- Born: Eid Suleiman Hathaleen 1983 or 1984 (age 41–42) Umm al-Khair, Hebron Governorate, Palestine
- Occupation: Artist
- Relatives: Awdah Hathaleen (cousin)

= Eid Hathaleen =

Palestinian artist and activist (born 1983 or 1984)

Eid Suleiman Hathaleen (also Hadaleen or Hthaleen; عيد سليمان الهذالين; born 1983 or 1984) is a Palestinian artist and activist.

== Early and personal life ==
Hathaleen was born and raised in the village of Umm al-Khair in Hebron Governorate, Palestine, where he attended an UNRWA school. His father, Suleiman Eid, was a shepherd and his mother was a homemaker. His family belongs to a Bedouin tribe from Beersheba who was expelled by Israeli forces in 1948. In January 2022, Hadaleen's father was killed after being hit by an Israeli police vehicle; no one was convicted for his murder. On 28 July 2025, Hathaleen's cousin Awdah, also a prominent activist, was killed by Israeli settler Yinon Levi, who did not face any charges. Hathaleen mourned his loss, describing his cousin to Al Jazeera as a "truly beloved" relative, and stating that "There was [nobody] who contributed as much to the community in Umm al-Khair as Awdah... I can't believe that tomorrow I will wake up and Awdah won't be here."
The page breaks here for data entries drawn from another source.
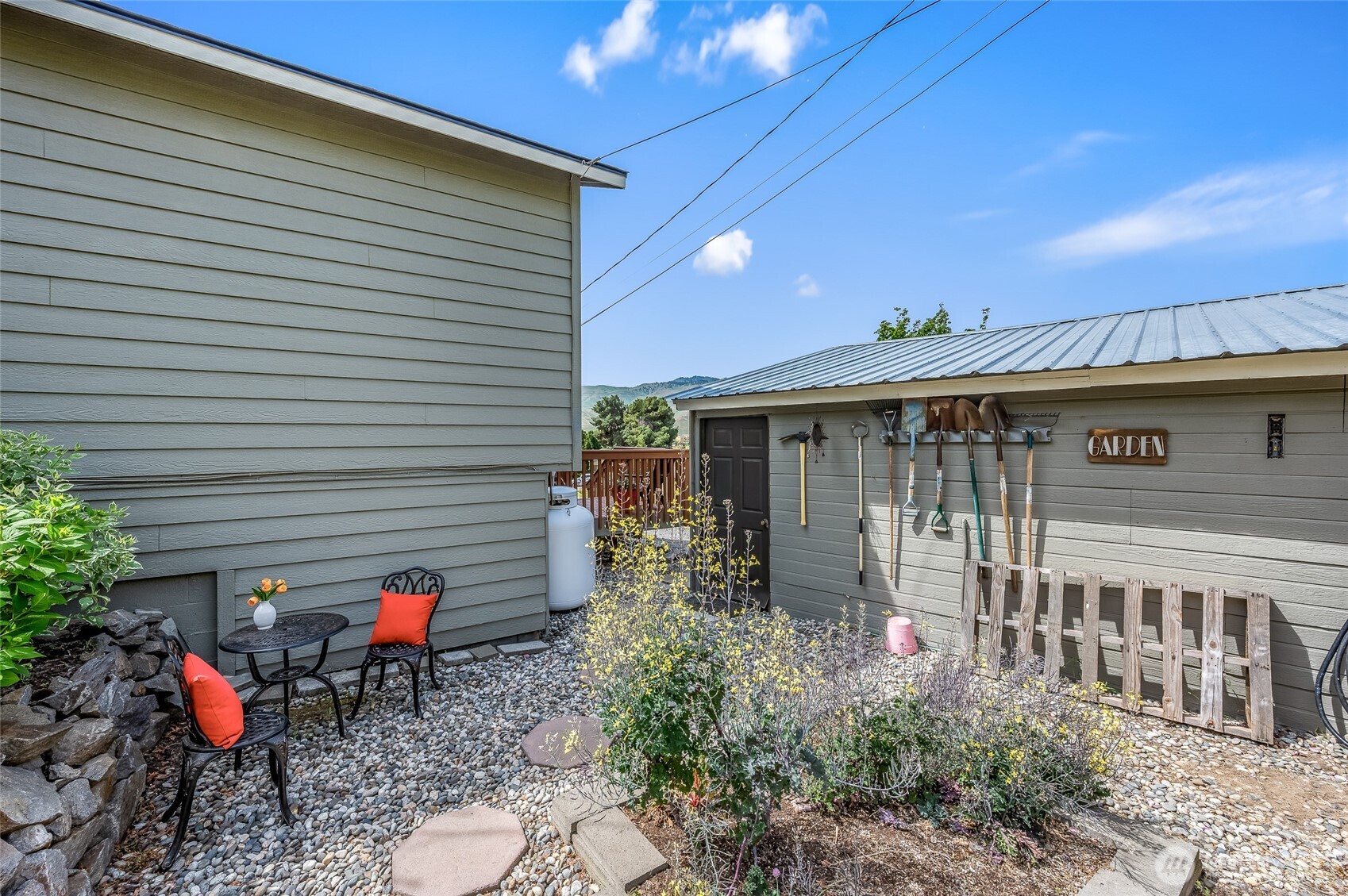 316 Easy Street Wenatchee, WA 98801 - Photo 38 of 39 a backyard of a house with yard and outdoor seating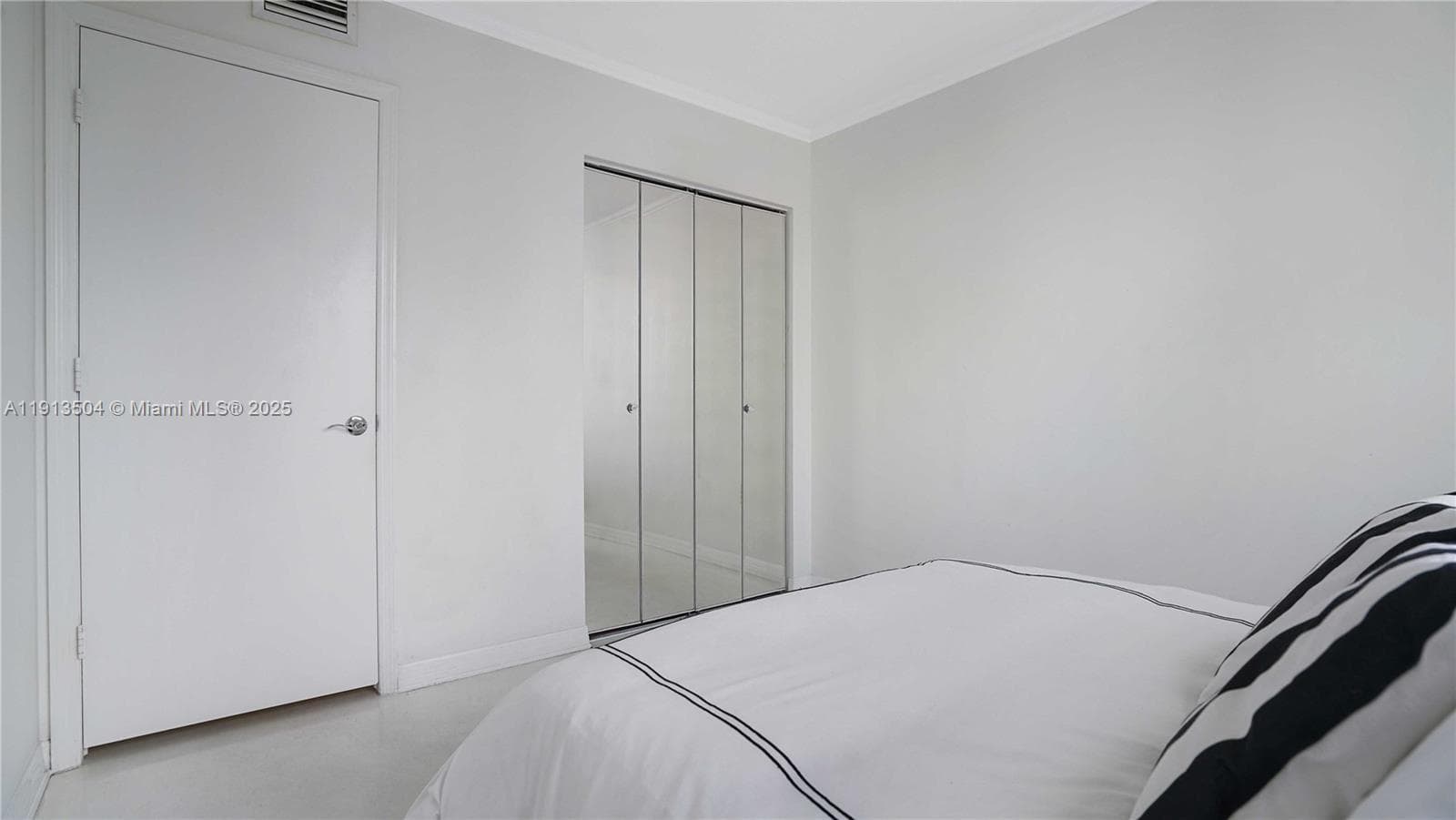 1621 Bay Rd # 606, Miami Beach FL 33139 — 16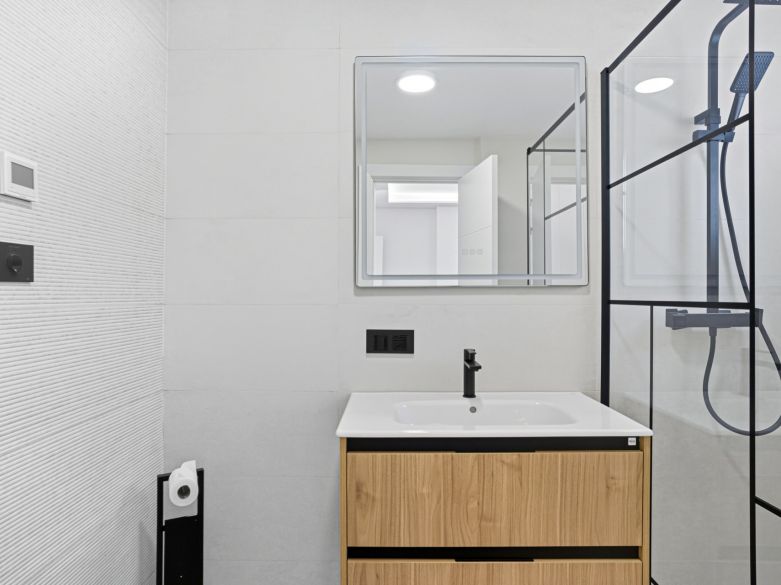 Excepcional apartamento de tres bedorom situado en una comunidad muy codiciada La Carolina Park, en la Milla de Oro de Marbella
Hathaleen is married and has two daughters. As of July 2012, he was a vegetarian and a tai chi practitioner, and was fluent in Hebrew and English.

== Art career ==
Hadaleen's work consists mainly of sculptures, normally model vehicles created from scrap metal, plastic bottles, wire, and other collected materials. He was interested in model-building from age 12, but was not encouraged by his community, who saw it as a waste of time. In 2007, during an economically and emotionally difficult time, he destroyed his sculptures.

He returned to art two years later, when he made his first found materials sculpture, of a Sikorsky CH-53E Super Stallion helicopter, in 2009. In 2012, he explained his choice to build model bulldozers, which are frequently used to destroy Palestinian homes, saying "I think this tool serves human beings...the tool has no soul; the man who sits inside and drives it decides how it will be used," and that "to build it is to say to people that it’s not the tool that causes trouble". He has leaned into his models resemblance to toys, emphasizing that they are tools wielded by people who must take responsibility for their actions. He has also built trucks and tractors. Each sculpture takes about a month to construct.

In 2011, Hadaleen's construction process was documented in the short stop-motion film Eid, produced by the Saaheb Collective and Israeli filmmaker David Massey. In May 2012, Hadaleen joined Massey for the film's showing at the Palestine Film Festival at the Barbican Centre in London, the United Kingdom.

In 2016, Hadaleen met Chinese artist Ai Weiwei, who invited Hathaleen to exhibit his work in Berlin, Germany later that year at the Aedes Architecture Forum.

== Activism and arrests ==
As of July 2012, Hadaleen performed part-time work for the HALO Trust, a group which works to clear landmines.

In February 2024, Hadaleen was detained by IDF forces for multiple hours, but was not charged with anything. The following July, his home in Umm al-Khair was bulldozed by Israeli forces.

On 11 June 2025, Hadaleen and his cousin Awdah flew to the United States on tourist visas, with plans to speak with organizations on their experiences in Palestine. The two were detained upon their arrival at San Francisco International Airport, with a Customs and Border Protection official later saying their visas had been cancelled; no reason as to why was provided. Supporters of the pair, including representatives of Kehilla Community Synagogue, began protests outside the airport on the morning of 12 June. The pair were ultimately deported on the afternoon of 12 June.